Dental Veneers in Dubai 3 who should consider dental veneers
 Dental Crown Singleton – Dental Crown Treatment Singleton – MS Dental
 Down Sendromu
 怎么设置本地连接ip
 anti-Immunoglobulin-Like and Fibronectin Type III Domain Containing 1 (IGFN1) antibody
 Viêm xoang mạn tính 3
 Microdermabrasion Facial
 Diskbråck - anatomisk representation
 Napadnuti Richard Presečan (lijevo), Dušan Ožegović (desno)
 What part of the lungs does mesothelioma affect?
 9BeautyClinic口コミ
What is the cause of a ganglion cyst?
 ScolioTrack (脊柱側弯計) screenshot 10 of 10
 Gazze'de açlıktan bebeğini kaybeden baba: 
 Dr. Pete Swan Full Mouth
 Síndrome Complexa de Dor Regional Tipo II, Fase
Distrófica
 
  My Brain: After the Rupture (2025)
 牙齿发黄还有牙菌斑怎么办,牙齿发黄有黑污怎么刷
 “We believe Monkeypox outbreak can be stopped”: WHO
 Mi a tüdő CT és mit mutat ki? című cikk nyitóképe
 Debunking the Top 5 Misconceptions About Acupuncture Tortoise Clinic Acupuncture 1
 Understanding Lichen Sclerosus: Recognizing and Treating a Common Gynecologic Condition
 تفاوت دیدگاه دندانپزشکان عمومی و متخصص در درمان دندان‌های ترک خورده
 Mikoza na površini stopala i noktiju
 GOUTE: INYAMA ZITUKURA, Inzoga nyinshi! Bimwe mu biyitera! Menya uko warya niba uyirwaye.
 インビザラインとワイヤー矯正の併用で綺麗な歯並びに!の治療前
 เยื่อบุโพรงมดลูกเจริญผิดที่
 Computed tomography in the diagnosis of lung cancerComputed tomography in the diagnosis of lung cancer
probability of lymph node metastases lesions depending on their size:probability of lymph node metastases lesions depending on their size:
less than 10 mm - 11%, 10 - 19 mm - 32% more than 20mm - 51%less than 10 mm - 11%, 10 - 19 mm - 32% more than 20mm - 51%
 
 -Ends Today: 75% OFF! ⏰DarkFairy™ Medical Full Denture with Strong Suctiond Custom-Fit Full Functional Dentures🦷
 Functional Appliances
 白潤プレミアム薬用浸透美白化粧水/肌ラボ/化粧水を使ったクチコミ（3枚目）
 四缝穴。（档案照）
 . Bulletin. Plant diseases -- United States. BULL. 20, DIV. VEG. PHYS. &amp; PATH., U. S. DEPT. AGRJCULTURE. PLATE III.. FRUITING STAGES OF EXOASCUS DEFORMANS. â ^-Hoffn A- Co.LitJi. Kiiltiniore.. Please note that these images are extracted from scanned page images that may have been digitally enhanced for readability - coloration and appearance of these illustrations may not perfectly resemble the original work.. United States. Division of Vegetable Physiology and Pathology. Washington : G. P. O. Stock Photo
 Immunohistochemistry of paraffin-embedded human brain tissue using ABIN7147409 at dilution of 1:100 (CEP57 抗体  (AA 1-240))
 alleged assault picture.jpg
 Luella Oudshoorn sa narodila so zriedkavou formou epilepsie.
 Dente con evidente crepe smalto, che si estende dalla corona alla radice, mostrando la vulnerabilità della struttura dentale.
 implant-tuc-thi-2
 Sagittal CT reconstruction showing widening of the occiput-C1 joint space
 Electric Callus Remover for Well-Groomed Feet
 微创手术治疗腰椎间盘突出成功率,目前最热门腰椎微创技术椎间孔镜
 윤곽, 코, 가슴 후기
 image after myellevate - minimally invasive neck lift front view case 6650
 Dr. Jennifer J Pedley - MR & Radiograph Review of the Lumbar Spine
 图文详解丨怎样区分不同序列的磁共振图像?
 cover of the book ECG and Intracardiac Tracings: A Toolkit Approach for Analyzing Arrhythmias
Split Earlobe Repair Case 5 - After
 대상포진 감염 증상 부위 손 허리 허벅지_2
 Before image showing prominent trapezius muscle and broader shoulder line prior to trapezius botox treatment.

== == ==

* Task objective *
Precisely the lines between those holding "Gazze'de açlıktan bebeğini" and "GOUTE: INYAMA ZITUKURA, Inzoga", inclusive, are to be reproduced from the listing above, with nothing added.

* Task output *
 Gazze'de açlıktan bebeğini kaybeden baba: 
 Dr. Pete Swan Full Mouth
 Síndrome Complexa de Dor Regional Tipo II, Fase
Distrófica
 
  My Brain: After the Rupture (2025)
 牙齿发黄还有牙菌斑怎么办,牙齿发黄有黑污怎么刷
 “We believe Monkeypox outbreak can be stopped”: WHO
 Mi a tüdő CT és mit mutat ki? című cikk nyitóképe
 Debunking the Top 5 Misconceptions About Acupuncture Tortoise Clinic Acupuncture 1
 Understanding Lichen Sclerosus: Recognizing and Treating a Common Gynecologic Condition
 تفاوت دیدگاه دندانپزشکان عمومی و متخصص در درمان دندان‌های ترک خورده
 Mikoza na površini stopala i noktiju
 GOUTE: INYAMA ZITUKURA, Inzoga nyinshi! Bimwe mu biyitera! Menya uko warya niba uyirwaye.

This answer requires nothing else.